I knew a gunshot would draw the law and I’d have some explaining to do. I knew that if I told the truth, the sheriff wouldn’t believe me, would probably think that I was crazy, and take me to a judge so he could lock me up in a mental institution and throw away the key. So I did what any good Texan would do when the law comes after him, I lit out for the territory. But after I had ridden a few miles therein, I got to thinking, this isn’t a good idea. This is the land of the outlaws, misfits, thieves, cutthroats, murders, etc. I better hightail it out of here. So I kept on riding North and crossed the line into Kansas. 
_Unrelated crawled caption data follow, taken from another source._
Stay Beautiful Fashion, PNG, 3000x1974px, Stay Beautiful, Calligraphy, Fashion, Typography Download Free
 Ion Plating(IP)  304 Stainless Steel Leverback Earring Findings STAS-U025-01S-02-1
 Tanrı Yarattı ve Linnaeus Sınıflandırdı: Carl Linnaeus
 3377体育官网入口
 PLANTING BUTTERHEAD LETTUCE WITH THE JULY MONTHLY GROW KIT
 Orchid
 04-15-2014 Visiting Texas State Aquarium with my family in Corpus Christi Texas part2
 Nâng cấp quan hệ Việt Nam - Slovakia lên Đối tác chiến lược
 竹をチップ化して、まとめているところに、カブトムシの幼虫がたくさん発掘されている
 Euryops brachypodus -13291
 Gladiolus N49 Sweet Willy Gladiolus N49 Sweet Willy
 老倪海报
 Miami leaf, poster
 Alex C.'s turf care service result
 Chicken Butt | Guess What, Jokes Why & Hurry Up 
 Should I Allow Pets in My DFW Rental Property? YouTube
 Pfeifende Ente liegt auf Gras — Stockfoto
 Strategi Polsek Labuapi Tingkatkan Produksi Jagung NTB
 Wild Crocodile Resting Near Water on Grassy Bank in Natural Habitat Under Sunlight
It was harvest time there and I got me a job helping a farmer thresh wheat. When his daughter brought out the noon meal for the crew that first day, that's how I met your mother. I was smitten and bitten. A year later, after a proper courting, and her father’s blessing, we got married. Then I was twice blessed when I got you Favorite Son. Well as you know your mother inherited the farm, then she died. I got the place, farmed it until I couldn’t, and deeded  it to you, Favorite Son, and put myself in this nursing home here in Hutchinson.

I got a funny feeling now that I won’t be here tomorrow morning when you come to see me. That’s why I’m writing this letter. I don’t care if you believe me or not or if you want to show it to the grandkids or whether they believe me or not. That’s all okay with me. But that’s my story and I’m sticking to it.

Love ya Favorite Son. Your father.

The man licked the envelope and sealed it shut. It was addressed of course To My Favorite Son. It was tear stained. He put it in the night stand drawer next to his bed.

It was after lunch now, time for his afternoon nap. He fell asleep and when he woke up, the room was dark. He looked out the window. The sun was out but the room was dark, pitch black dark. He held his pocket watch toward the window. It  was three ten. Then he felt it, again. Two burning holes in his chest. He looked up and there at the foot of his bed stood the Devil himself but  in disguise as one of the help here.

Didn’t think I’d find ya, huh Cowboy. I regularly check all the nursing homes you know. It’s time for you to pay the Devil his due now Cowboy or should I say Shining Knight.

Well come on then said the man. Let’s get this over with. Get on with it.

The Devil got on with it.

Next morning, The Favorite Son found his father dead. No letter was found anywhere.